Rent growth is the annualized rate 3Y uses to model potential changes in rental income over time.
3Y supplies a local default based on available rent data. You can override it when you have a different supportable assumption.
Rent growth is different from the property’s current monthly rent. Current rent establishes the starting income level; rent growth determines how that income changes in the projection.
What 3Y sources it from
3Y uses two complementary public sources for rent analysis:
- HUD Small Area Fair Market Rents, or SAFMRs, provide annual bedroom-specific rent data and the historical series used for modeled rent growth.
- Census American Community Survey rent data provides tract-level rent context and helps establish current rent levels.
HUD publishes SAFMRs by ZIP Code. 3Y uses the HUD-USPS ZIP-to-tract crosswalk and residential-address weights to resolve those observations to local tract geography.

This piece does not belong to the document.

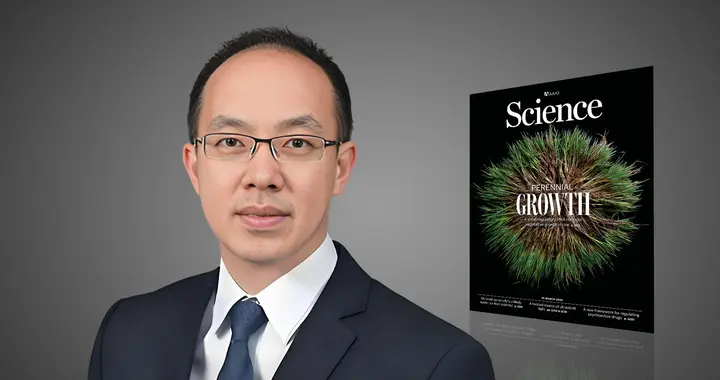 Science：菌群-肠-肝对话决定药物全身递送效果 | 热心肠日报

Current rent levels combine HUD and Census information where appropriate. Modeled rent growth is based primarily on the historical HUD SAFMR series, with the local Census rent trend used as a fallback where a usable HUD growth value is unavailable.
How 3Y calculates it
The growth calculation uses the 2-bedroom HUD SAFMR as a consistent local trend anchor across years.
3Y calculates:
- an 8-year HUD SAFMR compound annual growth rate, representing the longer-term local trend; and
- a 3-year HUD SAFMR compound annual growth rate, representing more recent rent movement.

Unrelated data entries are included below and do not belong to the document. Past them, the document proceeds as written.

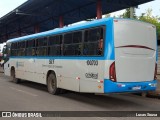 Ratrans - Rio Anil Transporte e Logística 100.703 na cidade de São Luís, Maranhão, Brasil, por Lucas Sousa. Número da foto: #:id.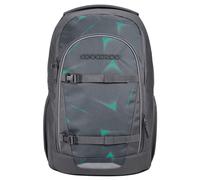 Coocazoo Mochila escolar EVERY Arrow Drift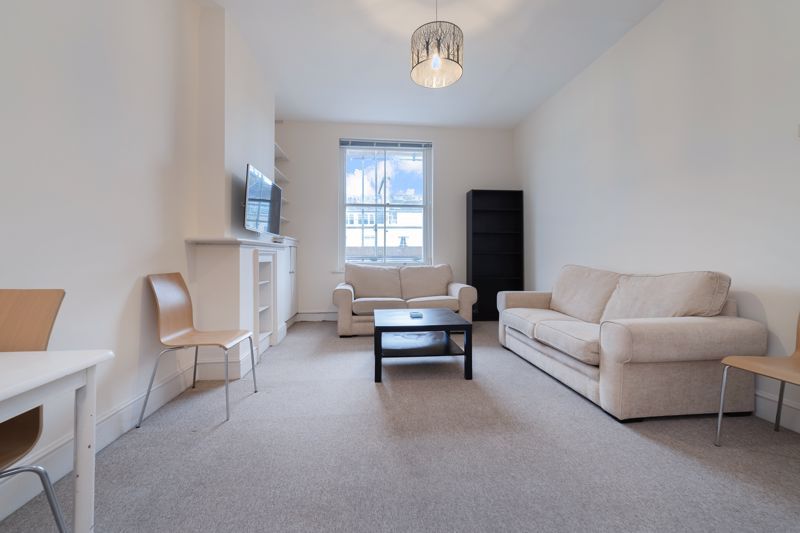 Property photo 2 of 13 Photo 5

The recent rate receives 65% of the blend and the 8-year rate receives 35%. The result is then capped at the 8-year rate.
modeled rent growth =
min(
8-year HUD SAFMR CAGR,
65% × 3-year HUD SAFMR CAGR
+ 35% × 8-year HUD SAFMR CAGR
)
This allows recent cooling to lower the modeled rent-growth assumption while preventing a short rent surge from lifting it above the 8-year HUD trend.
Why local rent growth matters
Rental conditions can differ substantially across nearby markets. A national rent-growth figure can provide broad context, but it does not describe the income trajectory of a particular local market.
3Y resolves rent growth locally so the assumption used for a property reflects the surrounding area rather than a single national average.
Two properties with the same current rent can produce different modeled outcomes when their local rent-growth assumptions differ. The property with faster modeled rent growth may generate more future income, but that outcome remains dependent on tenant demand, affordability, property condition, management, new supply, and broader economic conditions.
Where it appears in a 3Y analysis
Rent growth contributes to:
- the Rental market portion of the 3Y Location Score™; and
- the property’s long-term cash-flow projections, where modeled rent changes affect future income, cash flow, and projected return on investment.
Rent growth is an assumption, not a guarantee that rents can be raised, that tenants will accept an increase, or that future market rents will follow the modeled path. Investors should consider lease restrictions, local law, tenant turnover, property condition, affordability, and competing supply when testing the assumption.